I am now updating the MaSuRCA manual to reflect the new options for grid execution, and I will upload it later today.

Thursday, November 2, 2017

News article about Bread wheat genome assembled with MaSuRCA and Falcon

According to this article in Nature news, we scooped the IWGSC (International Wheat Genome Sequencing Consortium) to publication the Bread wheat assembly, the most complete and contiguous to date.

Wednesday, October 25, 2017

Note on ploidy estimation in MaSuRCA

Since the 3.2.2 version, MaSuRCA uses modified algorithms and settings for assembly of heterozygous diploid/polyploid genomes. Therefore there is a ploidy setting that is auto-computed and saved in PLOIDY.txt.  Valid values for PLOIDY are 1 and 2. Editing this file will result in forcing the assembler to use ploidy as indicated.
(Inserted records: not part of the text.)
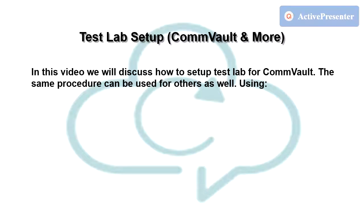In this video we will discuss how to set up TestLab for Commvault. We will use VMware software to build our test environment.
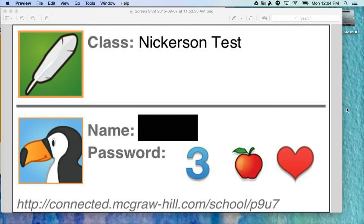Hi, my name is Meredith Nickerson and I'm the instructional technology coach for Dexter Schools. The purpose of this video is to show you how you and your child can navigate the Everyday Math Online website, which has a bunch of great tools. I'm going to talk you through how to get logged in, what the site looks like, and what features are available to you at home.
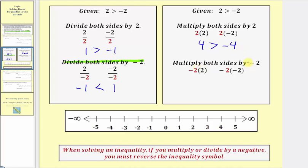Let's try multiplying by a negative. If we multiply both sides by negative two, we would have a negative four on the left and a positive four on the right. If we use the original inequality symbol, we would have negative four is greater than positive four, which is not true. So because we multiplied by a negative, we must reverse the inequality symbol and use less than. Negative four is less than positive four. So if we multiply or divide both sides by a negative, we must reverse the inequality symbol.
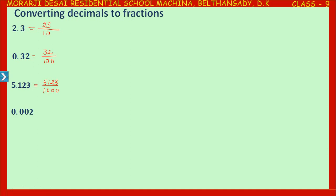Now, 0.002. First, remove the decimal point and write in the numerator — that becomes 2. In the denominator, look at the place values after the decimal point: 0 is in the tenths place, 0 is in the hundredths place, and 2 is in the thousandths place. So we have till the thousandths place, and you have to write 1000 in the denominator.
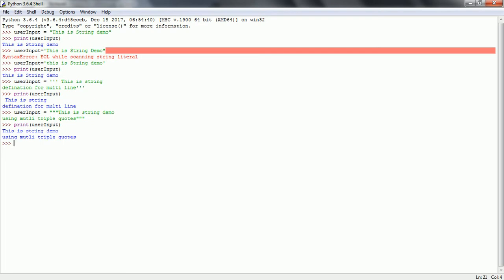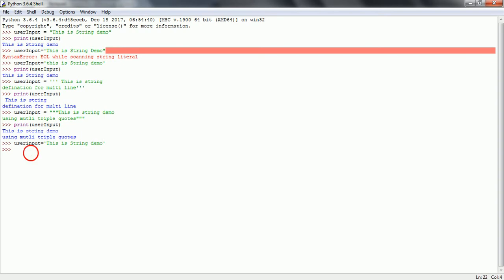In Python, a string is a sequence of characters. Let us assign user_input equal to 'this is string demo'. Since a string is a sequence of characters, if you want to get the character at a particular index, you can pass the index. The index starts from 0 to length minus 1. For example, user_input at index 1 will return 'h'.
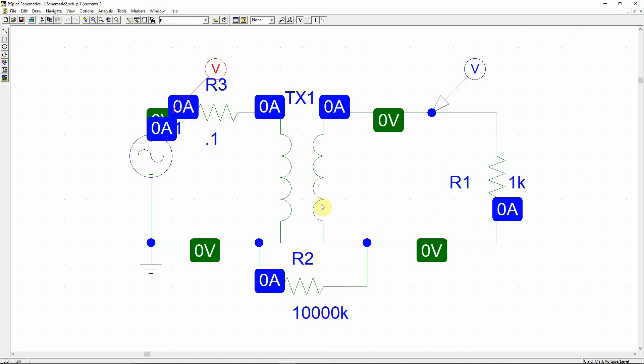This is how we can actually simulate an ideal transformer in PSpice. Thank you.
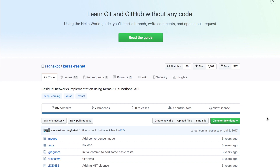This is the start of a new video series where we're going to look through open source implementations of popular deep learning models and research papers. We're starting off with the ResNet implemented in Keras. Keras is one of the greatest frameworks for getting started with deep learning, with a really easy interface and very friendly to use.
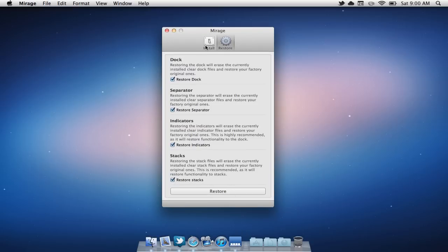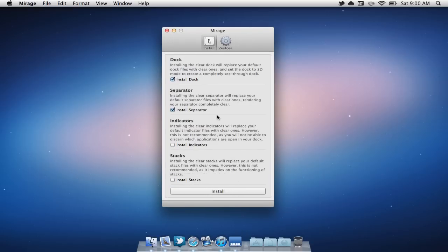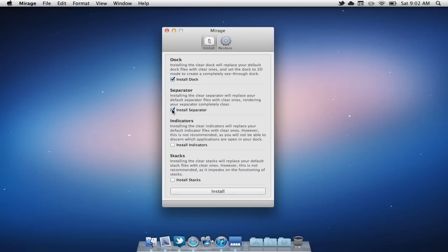Then go to your install panel and select which parts you want to make disappear. You can select the dock, the separators, the indicator lights, and the stacks. Typically, I usually just select separator and dock.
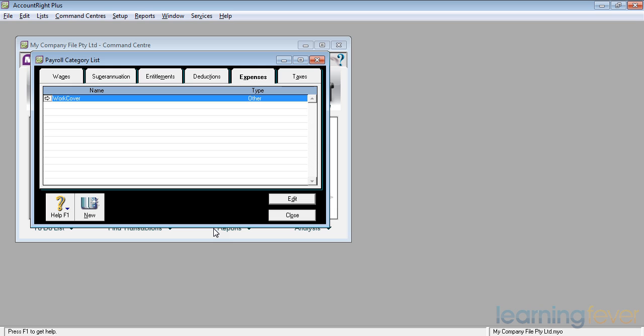If I want to bring in a new expense, such as for payroll tax, I would need to work out roughly what I'm going to pay each year and, having guessed what I'm going to pay each year, divide it by my estimated wages and use that rate to recover it.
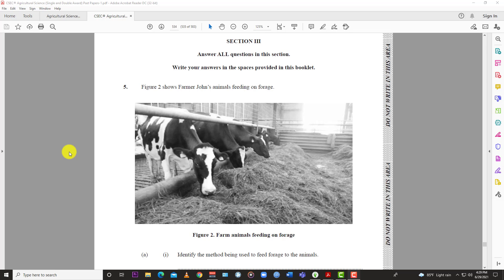Welcome back to Learn SKN. Today we're going to continue looking at the May/June 2019 Agriculture Science CSEC Paper 2. We've completed questions 1 through 4, and today we're going to look at question 5 and jump right into it.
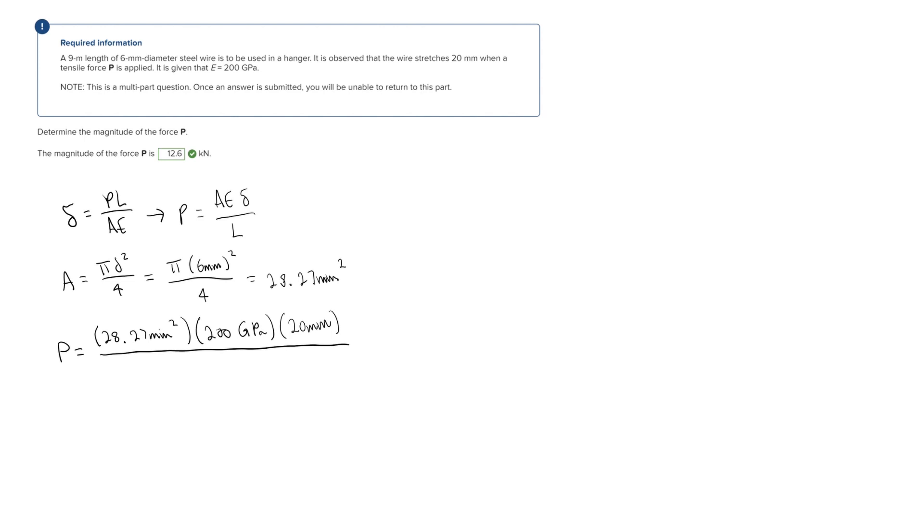And since I put these two numbers in millimeters, I'm going to put that in millimeters as well, so that would be 9,000 millimeters. And so plugging this into your calculator, you will get that P is equal to 12.6 kilonewtons.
Ploidy 1 means haploid and ploidy 2 means diploid. This is a gross over-simplification that is used I the assembler for the time being.

Ploidy for non-clonal genomes is always 2,  but for the internal algorithms ploidy 1 means that the genome is relatively inbred and ploidy 2 means that it is relatively outbred. The reasoning is that in most genomes there is a proportion of the sequence that is conserved between the two haplotypes, and then there is proportion of sequence that is divergent.  I treat ploidy as measurement of ratio of the total amount of unique sequence in the genome / haploid genome size. This is a number between 1 and 2.  1 means no divergence ( the homologous chromosomes are identical) and 2 means two haplotypes are 100% different.  At this time I do not treat this as a floating parameter between 1 and 2,  but instead I set a threshold in the middle based on heuristical computation.  This is an over-simplification and I will introduce a refinement of this parameter in later versions.

Triticum Aestivum (Bread Wheat) assembly paper is out.

Triticum Aestivum (Bread Wheat) assembly paper has just appeared in GigaScience.  100 CPU-years to assemble Bread Wheat 16Gb genome with MaSuRCA and Falcon!!!

Wednesday, September 27, 2017

MaSuRCA hybrid assembly strategy and recent results on Illumina and Oxford Nanopore data video presentation

I have just uploaded to YouTube ( my presentation on the latest MaSuRCA mega-reads results on assembly of Illumina and Oxford Nanopore MinION human genome data.  In this presentation I describe a de novo human genome assembly of NA12878 data set with N50 contig size of over 1Mb from $10000 worth of sequencing data and outline MaSuRCA mega-reads strategy.